The concept of dimension is not restricted to physical objects. High-dimensional spaces occur in mathematics and the sciences for many reasons, frequently as configuration spaces such as in Lagrangian or Hamiltonian mechanics; these are abstract spaces, independent of the physical space we live in.
In mathematics 
In mathematics, the dimension of an object is an intrinsic property independent of the space in which the object is embedded. For example, a point on the unit circle in the plane can be specified by two Cartesian coordinates, but one can make do with a single coordinate (the polar coordinate angle), so the circle is 1-dimensional even though it exists in the 2-dimensional plane. This intrinsic notion of dimension is one of the chief ways the mathematical notion of dimension differs from its common usages.
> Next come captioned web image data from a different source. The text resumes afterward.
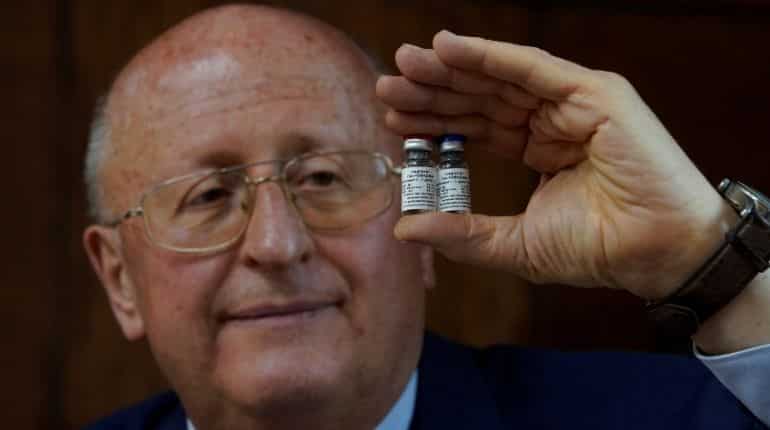 Russian scientist behind COVID-19 vaccine defends 'wartime' roll-out Russian scientist behind COVID-19 vaccine defends 'wartime' roll-out
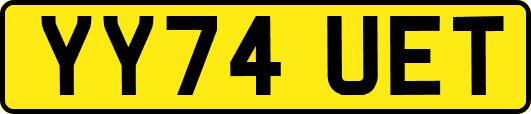 YY74UET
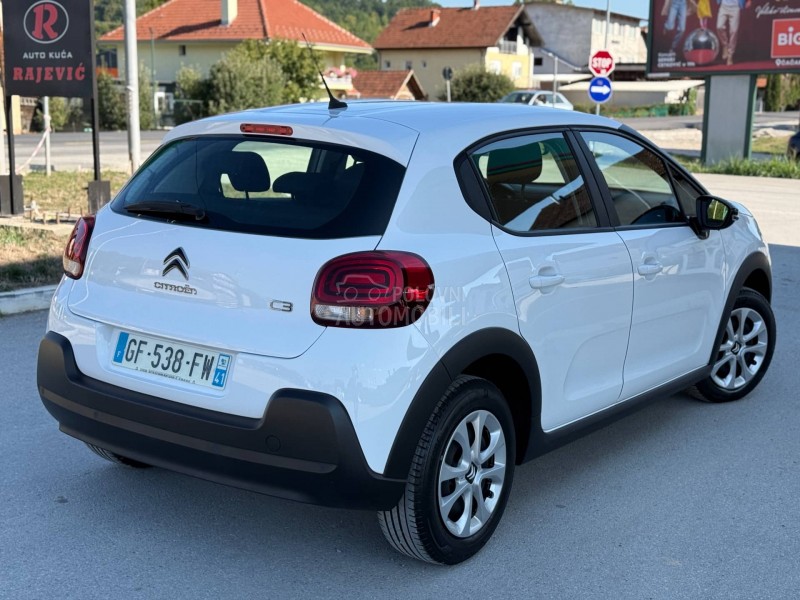 Citroen C3 NAV park senzori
The dimension of Euclidean n-space En is n. When trying to generalize to other types of spaces, one is faced with the question "what makes En n-dimensional?" One answer is that to cover a fixed ball in En by small balls of radius ε, one needs on the order of ε-n such small balls. This observation leads to the definition of the Minkowski dimension and its more sophisticated variant, the Hausdorff dimension, but there are also other answers to that question. For example, the boundary of a ball in En looks locally like En-1 and this leads to the notion of the inductive dimension. While these notions agree on En , they turn out to be different when one looks at more general spaces.
A tesseract is an example of a four-dimensional object. Whereas outside of mathematics the use of the term "dimension" is as in: "A tesseract has four dimensions", mathematicians usually express this as: "The tesseract has dimension 4", or: "The dimension of the tesseract is 4".
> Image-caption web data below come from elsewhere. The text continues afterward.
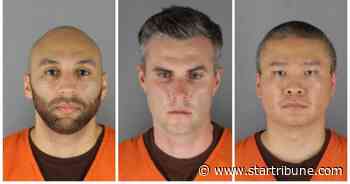 Former Minneapolis officers request separate federal trial from Derek Chauvin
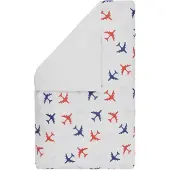 Bink Bedding Planes Blauw 60x80cm Dekbedovertrek BB121712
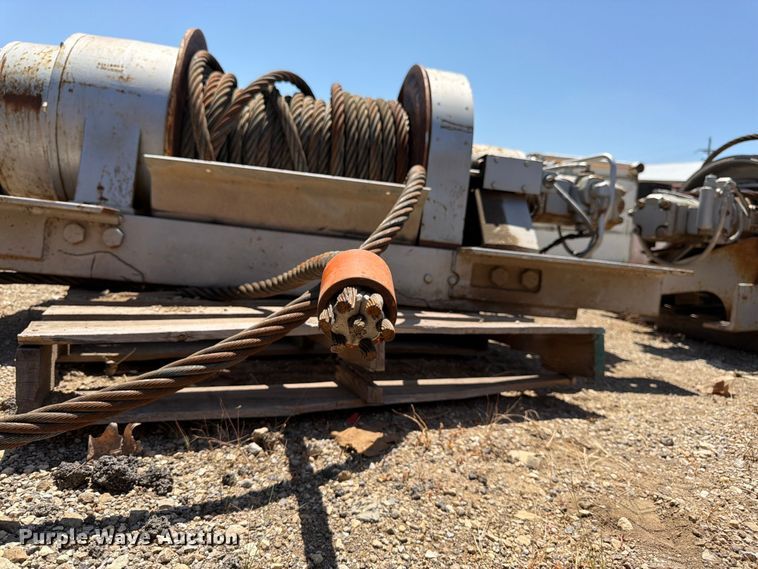 image for item FK3196 Tulsa RM130PHRX0AZ winch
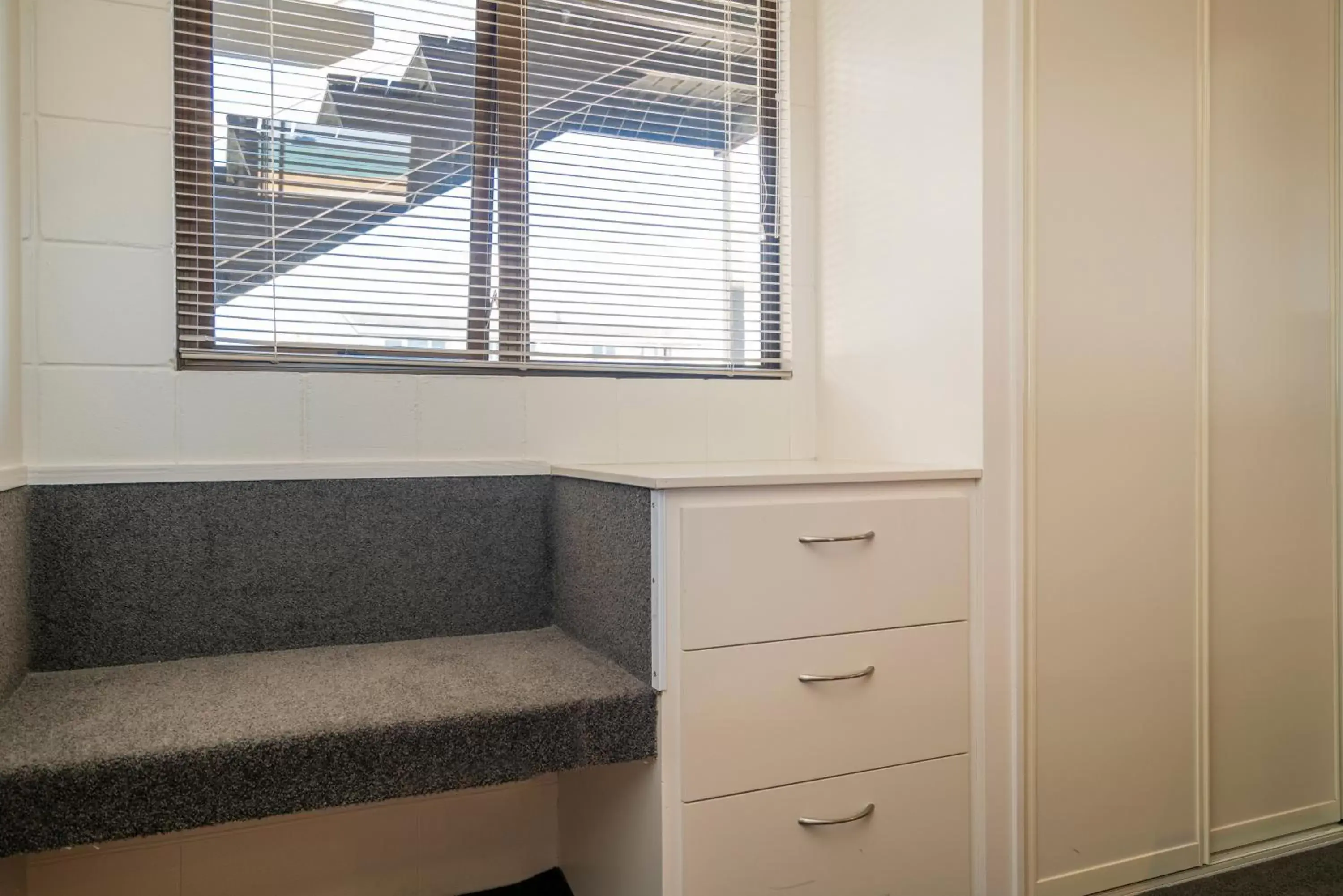 Bedroom in The Oceanside Motel Bedroom in The Oceanside Motel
Although the notion of higher dimensions goes back to René Descartes, substantial development of a higher-dimensional geometry only began in the 19th century, via the work of Arthur Cayley, William Rowan Hamilton, Ludwig Schläfli and Bernhard Riemann. Riemann's 1854 Habilitationsschrift, Schlafi's 1852 Theorie der vielfachen Kontinuität, Hamilton's 1843 discovery of the quaternions and the construction of the Cayley Algebra marked the beginning of higher-dimensional geometry.
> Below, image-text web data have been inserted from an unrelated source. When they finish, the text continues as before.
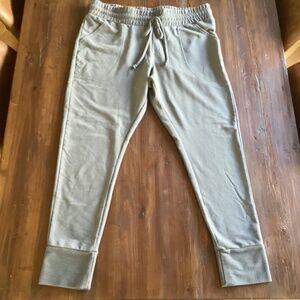 Free People FP Movement Joggers Sweatpants Gray Drawstring XL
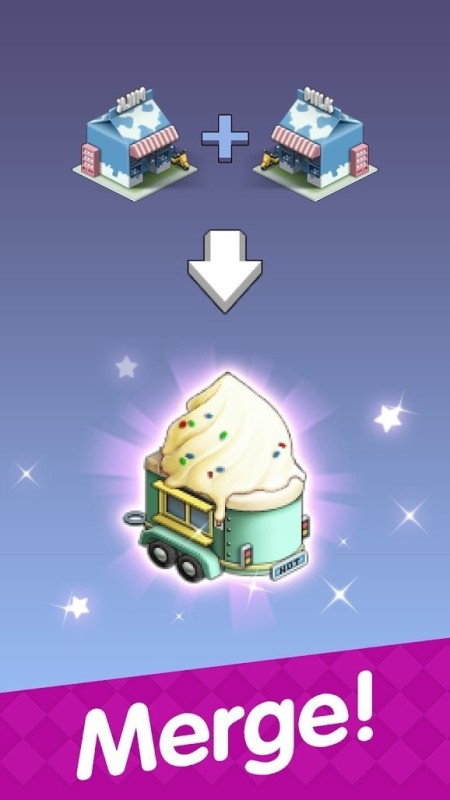 Merge Mall Town: Decorate Home, Classic Idle Game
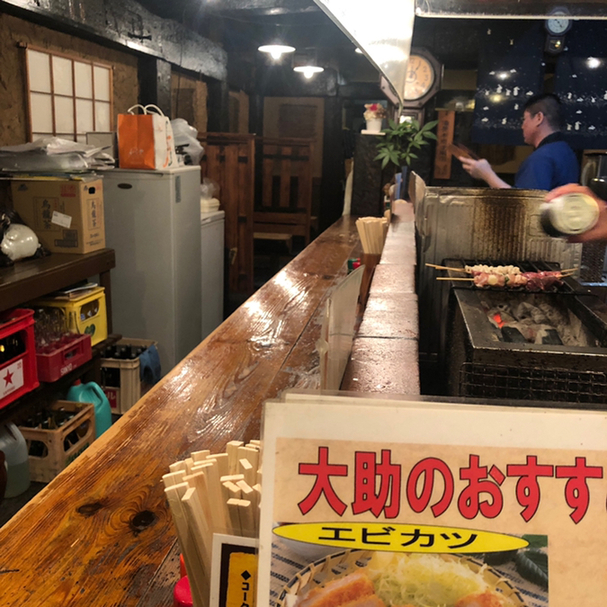 大助 川原町店 枚方市 焼鳥 食べログ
The rest of this section examines some of the more important mathematical definitions of the dimensions.
Dimension of a vector space 
The dimension of a vector space is the number of vectors in any basis for the space, i.e. the number of coordinates necessary to specify any vector. This notion of dimension (the cardinality of a basis) is often referred to as the Hamel dimension or algebraic dimension to distinguish it from other notions of dimension.
A connected topological manifold is locally homeomorphic to Euclidean n-space, and the number n is called the manifold's dimension. One can show that this yields a uniquely defined dimension for every connected topological manifold.
The theory of manifolds, in the field of geometric topology, is characterized by the way dimensions 1 and 2 are relatively elementary, the high-dimensional cases n > 4 are simplified by having extra space in which to "work"; and the cases n = 3 and 4 are in some senses the most difficult. This state of affairs was highly marked in the various cases of the Poincaré conjecture, where four different proof methods are applied.
The dimension of an algebraic variety may be defined in various equivalent ways. The most intuitive way is probably the dimension of the tangent space at any regular point. Another intuitive way is to define the dimension as the number of hyperplanes that are needed in order to have an intersection with the variety that is reduced to a finite number of points (dimension zero). This definition is based on the fact that the intersection of a variety with a hyperplane reduces the dimension by one unless if the hyperplane contains the variety.
An algebraic set being a finite union of algebraic varieties, its dimension is the maximum of the dimensions of its components. It is equal to the maximal length of the chains of sub varieties of the given variety (the length of such a chain is the number of "").
Krull dimension 
The Krull dimension of a commutative ring is the maximal length of prime ideals in it. It is strongly related to the dimension of an algebraic variety, because of a natural correspondence between sub varieties and prime ideals of ring of the polynomials on the variety.
Lebesgue covering dimension 
For any normal topological space X, the Lebesgue covering dimension of X is defined to be n if n is the smallest integer for which the following holds: any open cover has an open refinement (a second open cover where each element is a subset of an element in the first cover) such that no point is included in more than n + 1 elements. In this case dim X = n. For X a manifold, this coincides with the dimension mentioned above. If no such integer n exists, then the dimension of X is said to be infinite, and one writes dim X = ∞. Moreover, X has dimension −1, i.e. dim X = −1 if and only if X is empty. This definition of covering dimension can be extended from the class of normal spaces to all Tychonoff spaces merely by replacing the term "open" in the definition by the term "functionally open".
Inductive dimension 
An inductive definition of dimension can be created as follows. Consider a discrete set of points (such as a finite collection of points) to be 0-dimensional. By dragging a 0-dimensional object in some direction, one obtains a 1-dimensional object. By dragging a 1-dimensional object in a new direction, one obtains a 2-dimensional object. In general one obtains an (n + 1)-dimensional object by dragging an n dimensional object in a new direction.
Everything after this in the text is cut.